* **EXERCISE DETAILS**: Given these entries, repeat exactly the lines starting with the one that has "They are written" and going on through the one that has "To share the", both included, but none of the pictures.

* **AVAILABLE RECORDS**:

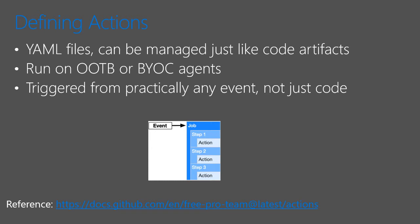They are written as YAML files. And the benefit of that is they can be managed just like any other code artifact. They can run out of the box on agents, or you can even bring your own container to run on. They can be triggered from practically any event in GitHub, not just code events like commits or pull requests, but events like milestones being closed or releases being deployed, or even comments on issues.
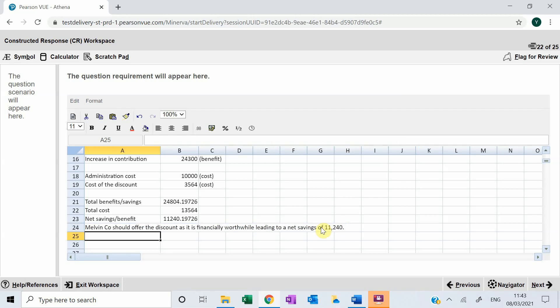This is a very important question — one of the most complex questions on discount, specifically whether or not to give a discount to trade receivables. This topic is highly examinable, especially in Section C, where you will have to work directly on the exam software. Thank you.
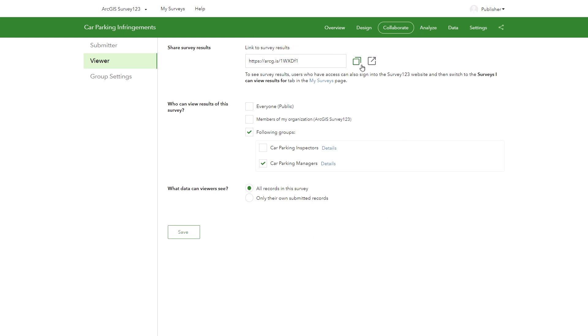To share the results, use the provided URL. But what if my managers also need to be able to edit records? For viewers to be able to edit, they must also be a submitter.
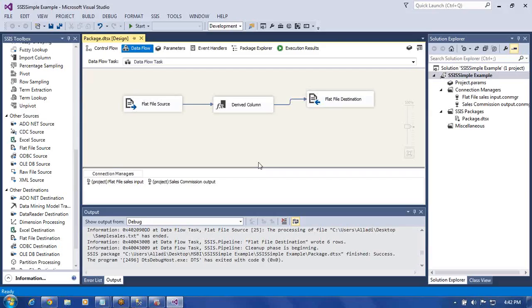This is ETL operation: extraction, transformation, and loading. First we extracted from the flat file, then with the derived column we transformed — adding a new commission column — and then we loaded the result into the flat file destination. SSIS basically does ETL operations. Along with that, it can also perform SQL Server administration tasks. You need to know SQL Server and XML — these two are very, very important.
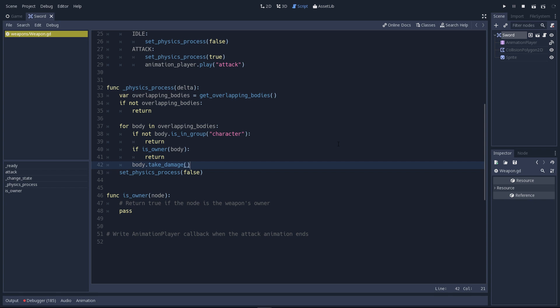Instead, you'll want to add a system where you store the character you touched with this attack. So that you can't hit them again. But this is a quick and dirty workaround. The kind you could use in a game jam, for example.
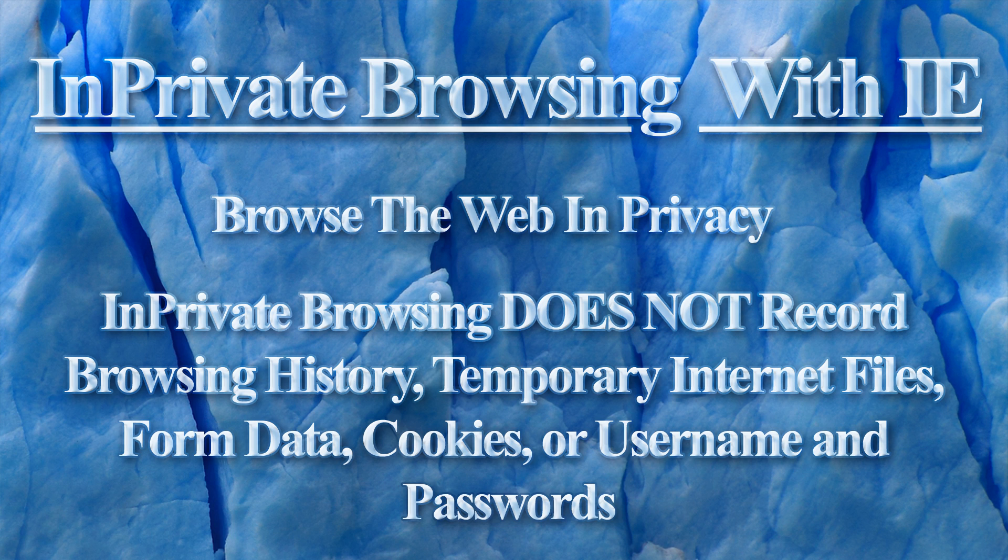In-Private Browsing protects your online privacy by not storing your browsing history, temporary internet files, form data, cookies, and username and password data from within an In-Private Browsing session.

--

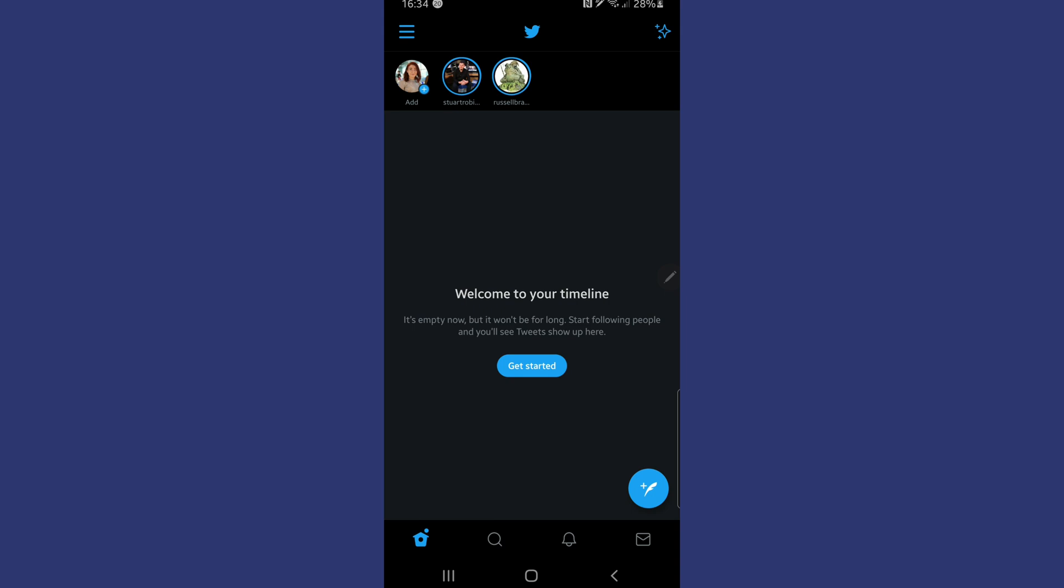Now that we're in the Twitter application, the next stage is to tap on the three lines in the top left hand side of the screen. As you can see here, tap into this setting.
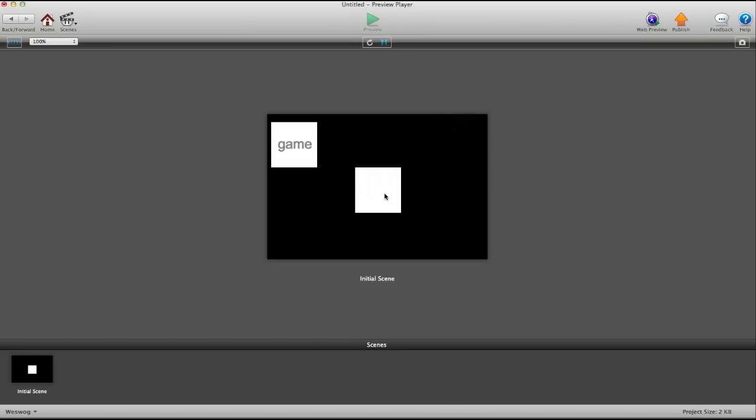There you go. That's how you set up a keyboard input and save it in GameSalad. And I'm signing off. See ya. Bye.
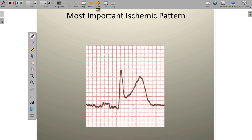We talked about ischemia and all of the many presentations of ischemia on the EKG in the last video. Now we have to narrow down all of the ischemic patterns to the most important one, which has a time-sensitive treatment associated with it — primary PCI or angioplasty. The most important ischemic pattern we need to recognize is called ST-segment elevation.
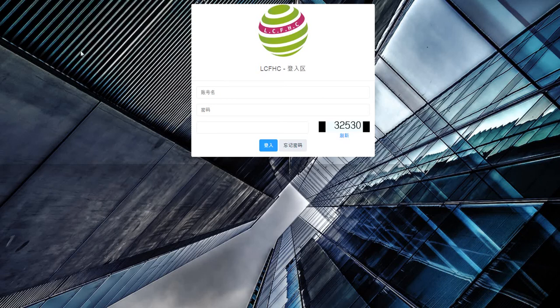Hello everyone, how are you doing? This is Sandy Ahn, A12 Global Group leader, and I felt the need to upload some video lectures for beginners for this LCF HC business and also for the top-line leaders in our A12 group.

...

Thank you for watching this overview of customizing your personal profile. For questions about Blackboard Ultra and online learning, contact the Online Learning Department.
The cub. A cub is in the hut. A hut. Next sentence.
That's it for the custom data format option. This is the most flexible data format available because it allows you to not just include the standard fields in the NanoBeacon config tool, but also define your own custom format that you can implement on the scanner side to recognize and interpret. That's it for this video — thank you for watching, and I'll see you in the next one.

* **RESULT OF THIS TASK**:
They are written as YAML files. And the benefit of that is they can be managed just like any other code artifact. They can run out of the box on agents, or you can even bring your own container to run on. They can be triggered from practically any event in GitHub, not just code events like commits or pull requests, but events like milestones being closed or releases being deployed, or even comments on issues.
This is a very important question — one of the most complex questions on discount, specifically whether or not to give a discount to trade receivables. This topic is highly examinable, especially in Section C, where you will have to work directly on the exam software. Thank you.
To share the results, use the provided URL. But what if my managers also need to be able to edit records? For viewers to be able to edit, they must also be a submitter.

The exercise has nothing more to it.